2019-07-03 Thread Ronald F. Guilmette
In message <20190703182013.00a75153...@pb-smtp2.pobox.com>, 
Ken Hornstein  wrote:

>So, circling back to this ...
>
>Ronald, I was communicating with Cy Schubert, the maintainer of the FreeBSD
>nmh port, and he said to me, "Hey, did you realize that we DO all of the
>stuff to make replyfilter work if you enable that option?"  And when I
>looked at the port Makefile I realized he was right ... there is an
>option to install replyfilter and of the dependencies you need.  That
>would also have installed w3m which meant nmh would have been configured
>to render HTML email out of the box correctly.
>
>So, my question to you is ... have you tried reinstalling nmh with
>the replyfilter option?  I believe that "make showconfig" or "make config"
>for the nmh port should get you going in the right direction.

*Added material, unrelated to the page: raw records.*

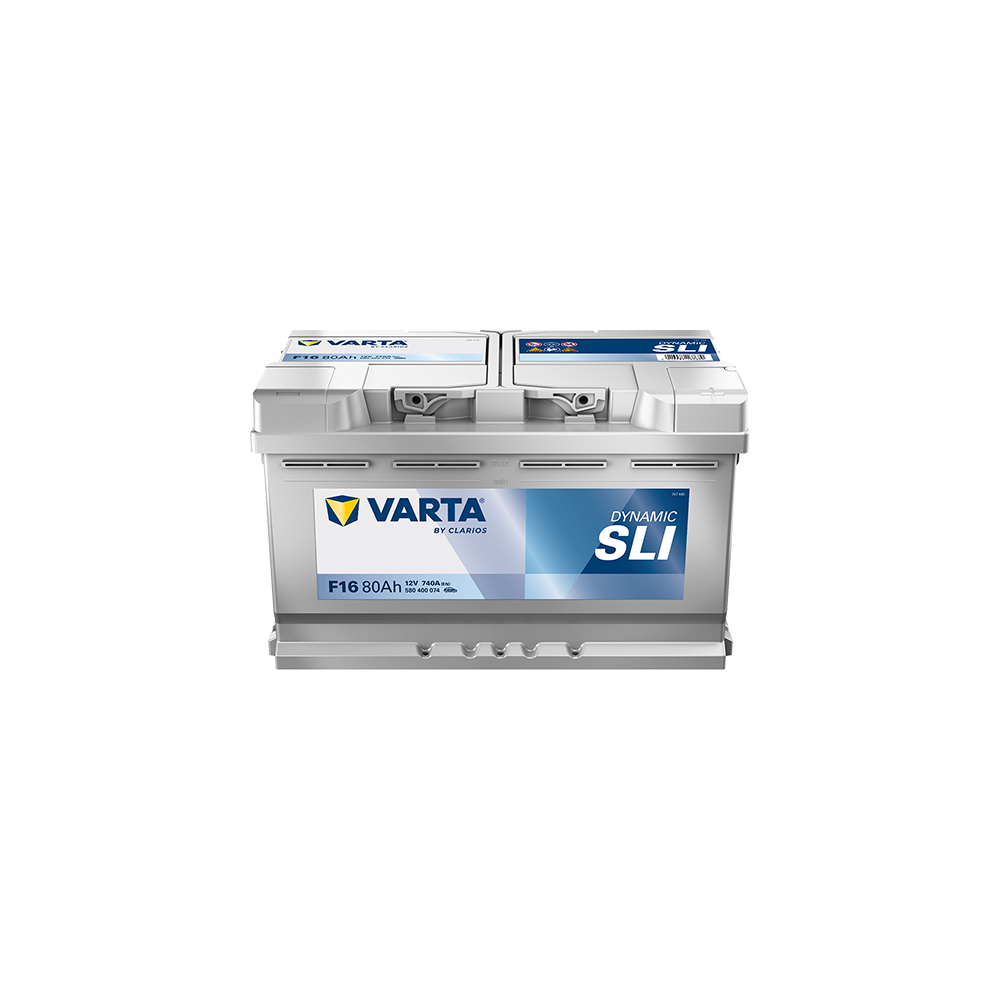 Bateria Varta F16 80Ah - 1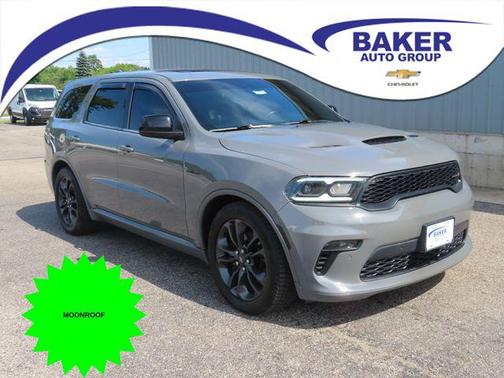 Destroyer Gray Clearcoat 2021 Dodge Durango R/T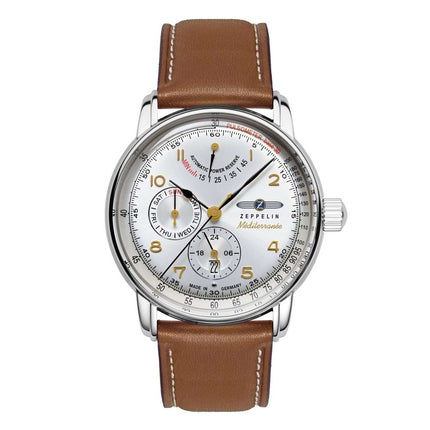 ZEPPELIN Men's Mediterranee 1921 Automatic Power Reserve Watch 96901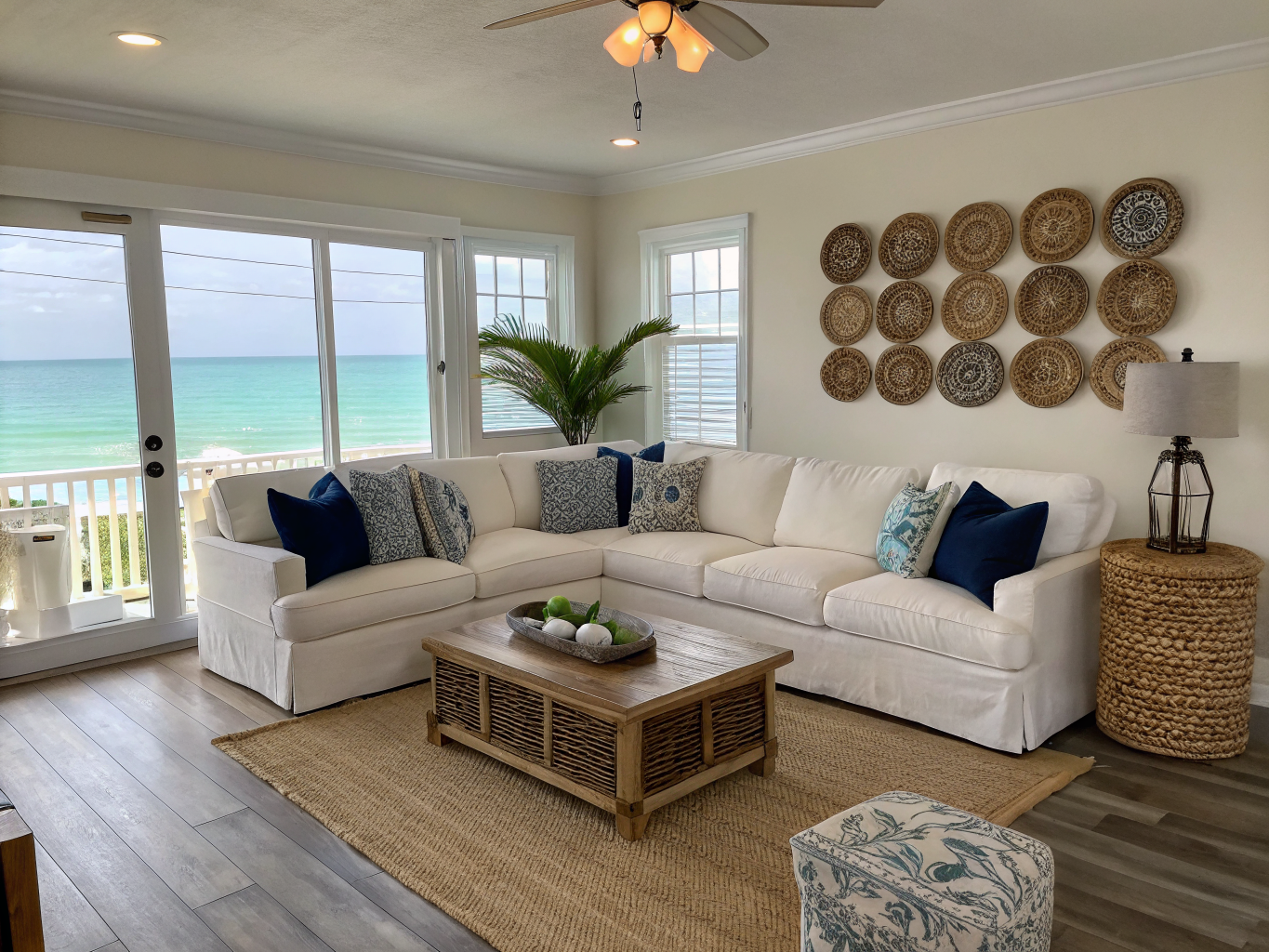 Pristine vacation rental interior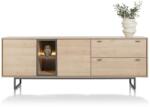  Comoda Helsinki stejar 240/45/85 cm (46865-LNO) Comoda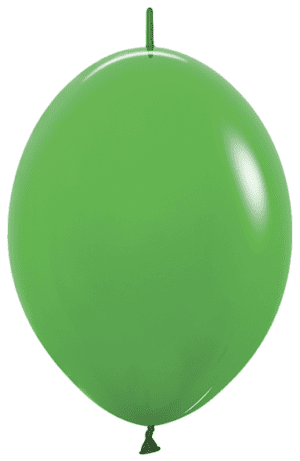 12" Deluxe Shamrock Green Link o Loon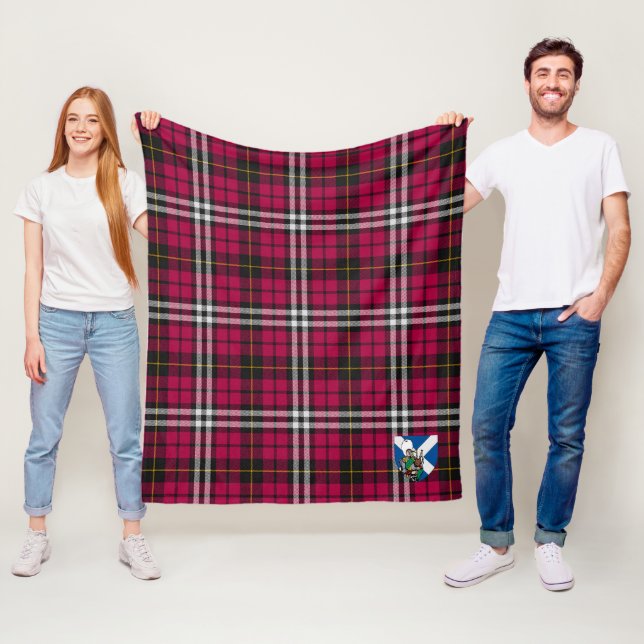 Scotts Little Tartan Kariert Fleecedecke (Beispiel)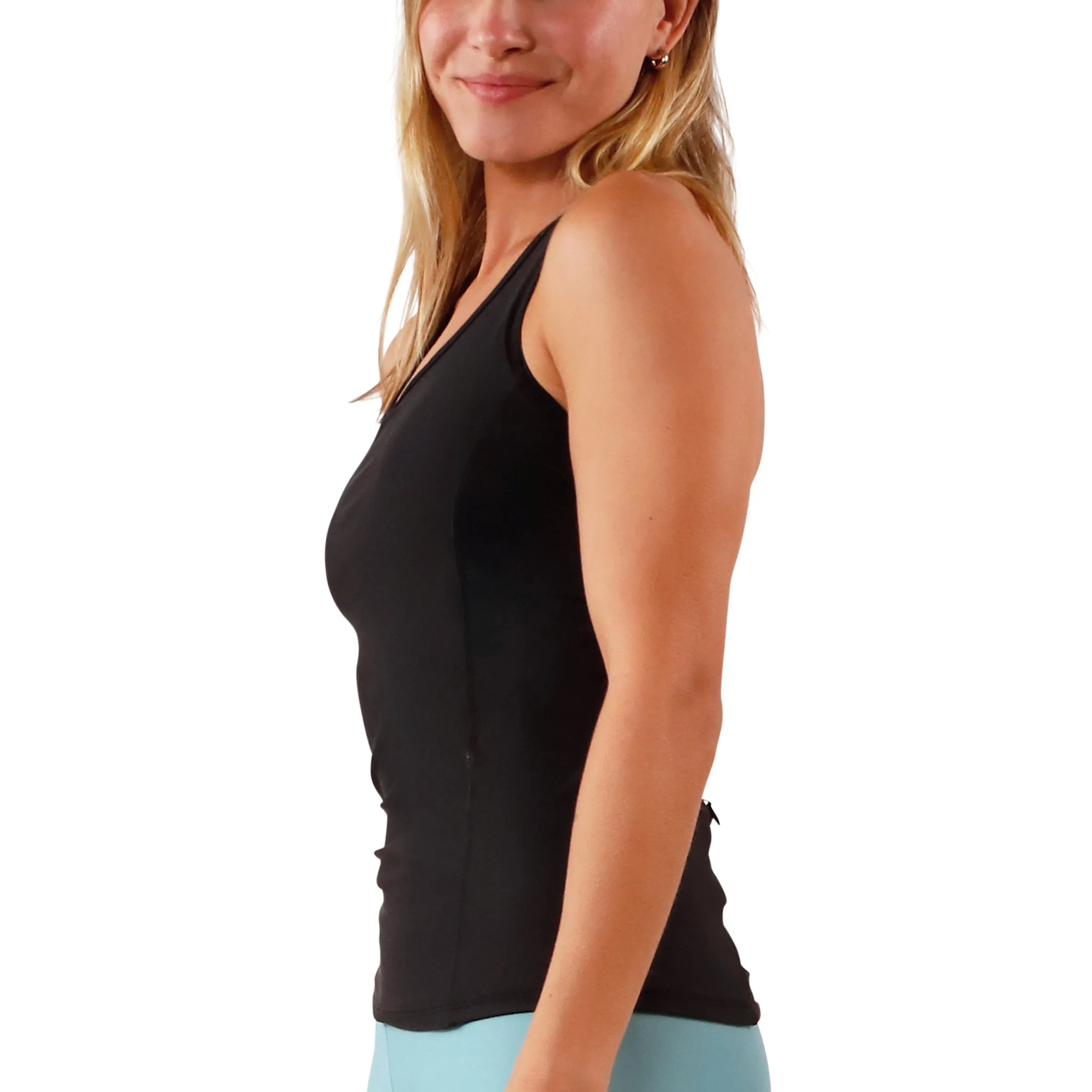 Women's Racerback Swim Tank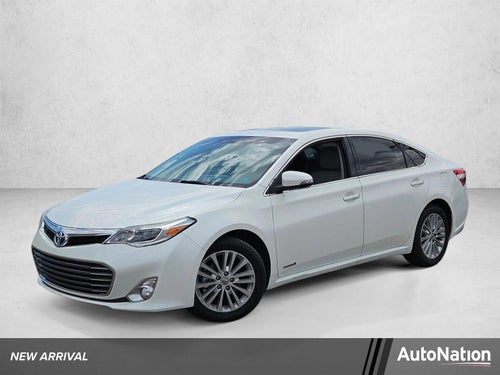 2014 Toyota Avalon Hybrid XLE Touring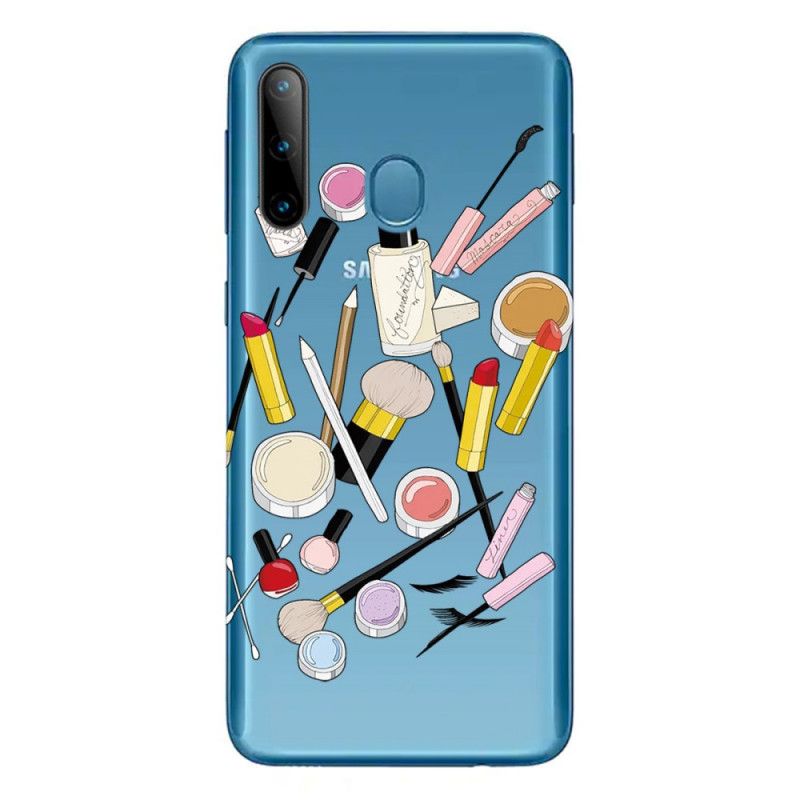 Skal för Samsung Galaxy M11 Toppmakeup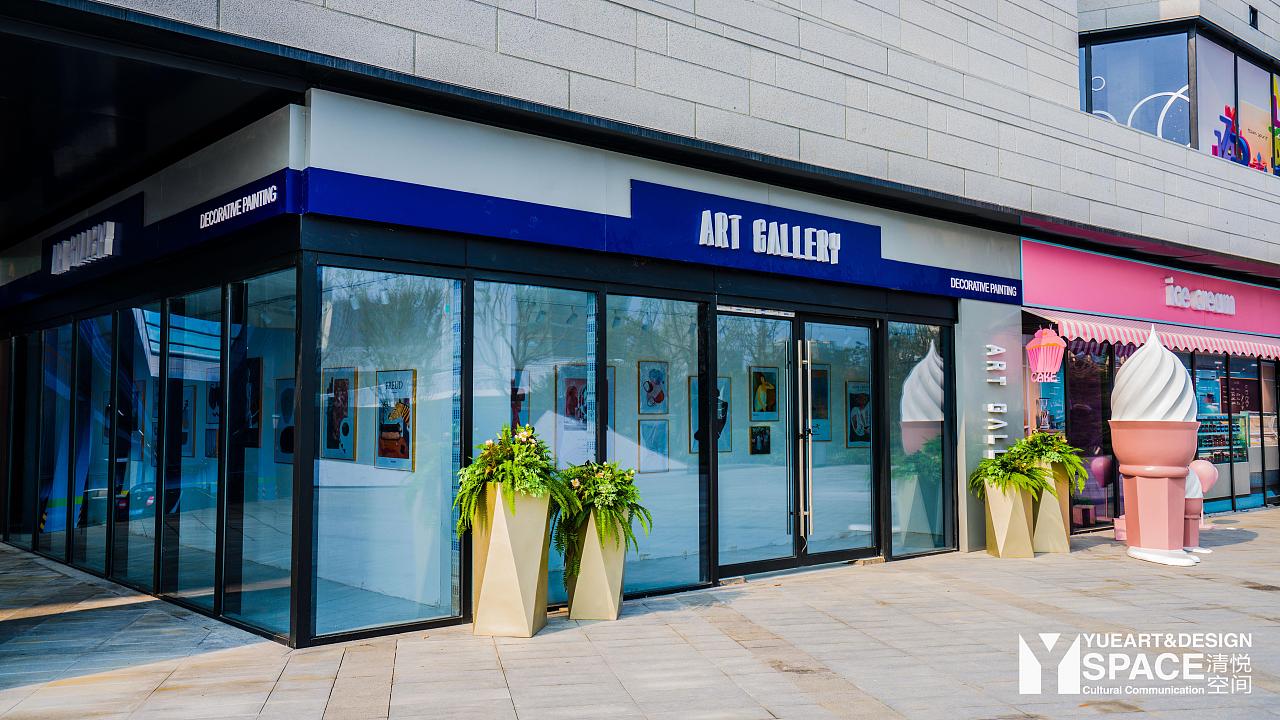 商业街软装 清悦空间 安徽阜阳皖投大河城章商业街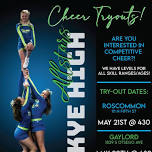 Cheer Team Tryouts - Roscommon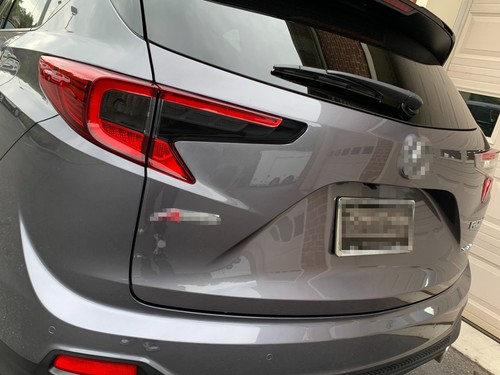 For Acura RDX 2019-2025 Tail Light Signal Overlays PreCut Vinyl Tint film - Picture 3 of 6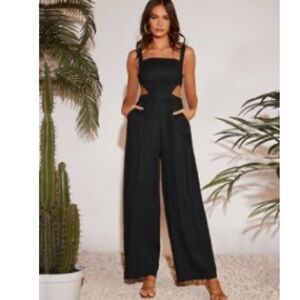 Elegant Black Jumpsuit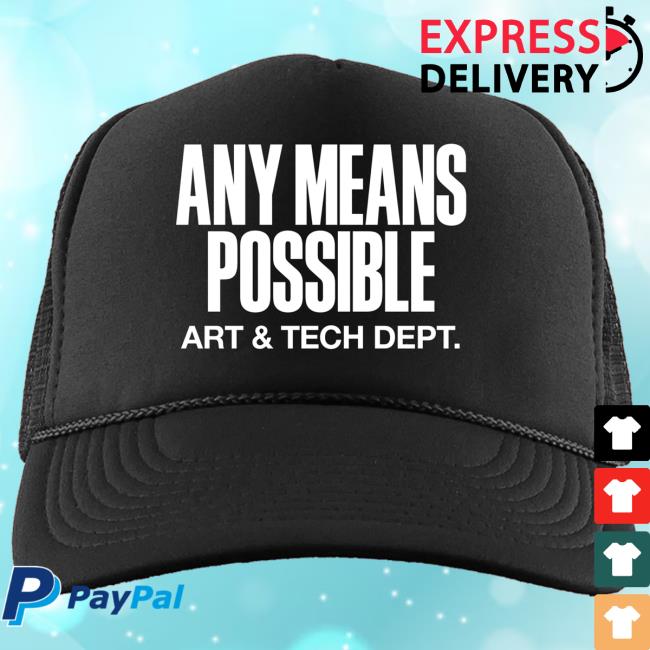 Official Amp Merch Store Art & Tech Hat Cap Amp Shop Clothing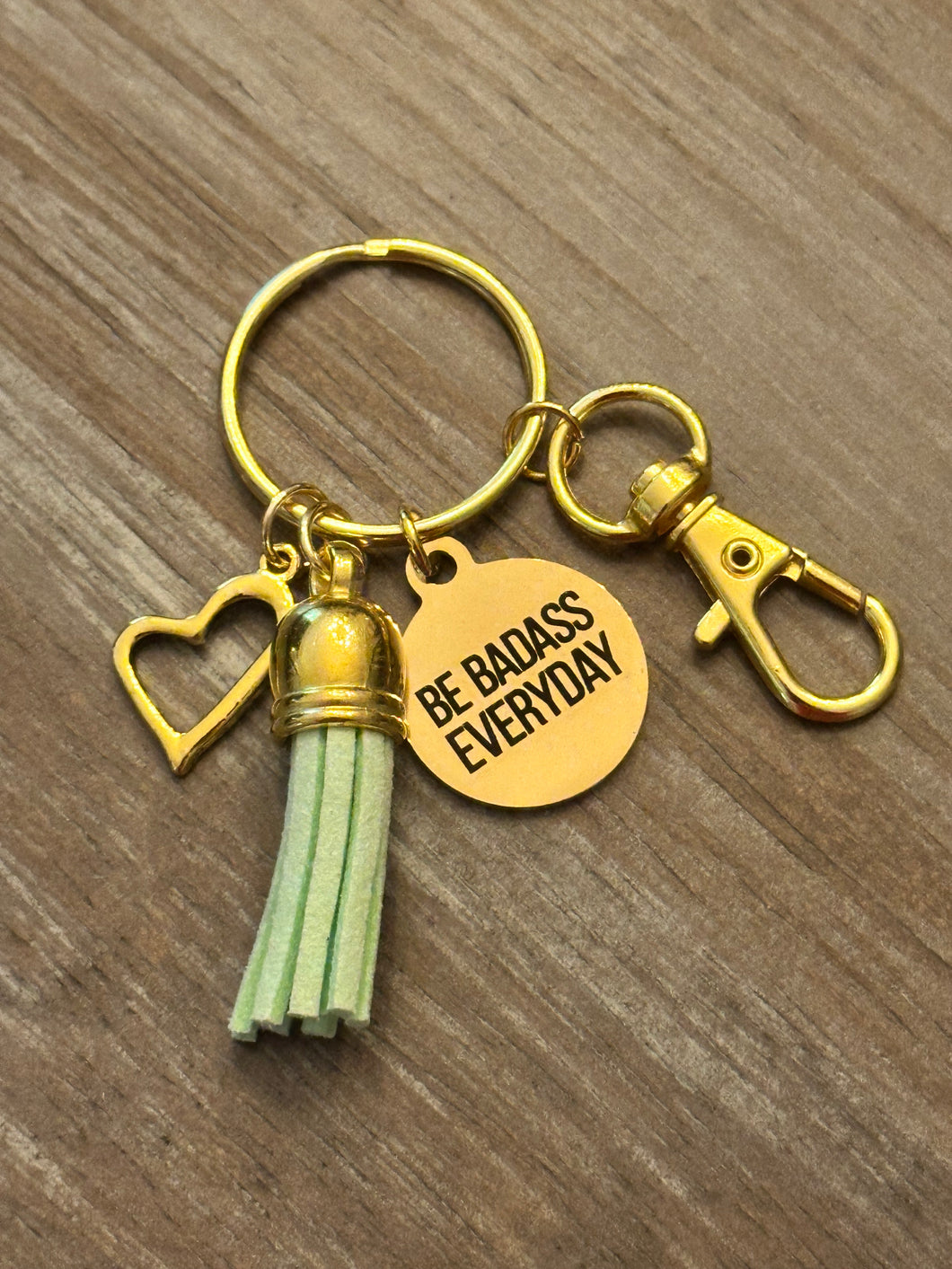 BE BADASS Purse Charm (P23)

Ken, I apologize for leaving things hanging, and for failing to follow up
on the last email or two that you posted with helpful advice about how
to get the utter mess I have created for myself properly ironed out
at long last.  What can I say?  Stuff happens, and I got distracted...
again.  But your last two helpful messages are still in my inbox and it
has been my intent to come back to them and do all of the things you
suggested... most importantly, perhaps, reading the bloody man page
(as I should have done from the outset, of course).

To answer your question, no, I have not reinstalled NMH, and I'm not even
sure if that would be a Good Idea at this point or not.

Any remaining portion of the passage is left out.